If you think he sounds worried that his firm is missing out, you’d be wrong. SUSI Partners recently invested in OBE Power, a Florida-based provider of residential EV charging services, through its SUSI Partners Energy Efficiency and Transition Credit Fund II. Unlike Carlyle and CBRE, the firm is not a PE behemoth, but rather a mid-market investor – proving that while opportunities for smaller players may be scarce in the EV charging market, they’re still available; you just have to find them.

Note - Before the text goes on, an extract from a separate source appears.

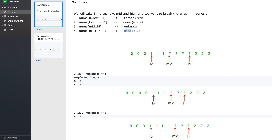So we want to break the array like this: from 0 to low minus 1, all 0s; from low to mid minus 1, all 1s; from mid to high, unknown values (0, 1, or 2); and from high plus 1 to n minus 1, all 2s. If we are able to break the array in this format, we can use this algorithm to sort it in O(n) complexity.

“We looked at our first potential EV charging project four or five years ago from an equity perspective. It was a little bit too early because back then there was not a real business model which had a track record or something you could rely on,” Hunzinger says. “It was at a very early stage, a venture capital stage, and from a risk profile standpoint, so it wasn’t suitable for our credit strategy, either. We take a very rather defensive risk profile usually.

“I think what we can say is very predictable about their contracts is that well, first of all, most of their portfolio is currently concentrated in charging located in the parking garages of large condos, meaning that they have significant captive audience. They’re targeting smaller chargers, not high-speed ones, which is very attractive as they’re low capex.”

While the investment isn’t a PPP, the all-too-important availability-based payments were a must for the firm. On top of predictable cashflows, OBE Power receives payments from its clients, owners of residential facilities, to provide charging in their parking lots. For private debt investors, or more conservative infrastructure investors, mitigating this usership risk and finding companies with such types of contracts will be a must.

Much like a vehicle itself, there will be many gears turning and working together to make the rollout of charging infrastructure happen. Between IIJA funds, statewide incentives, and smaller, private efforts, investors have many options and opportunities to get in on the ground floor of what will most likely be the infrastructure of the future.

Nevertheless, there’s a long road ahead before that infrastructure becomes available to the masses. In the meantime, we shall see whether investors can manoeuvre around usership risk.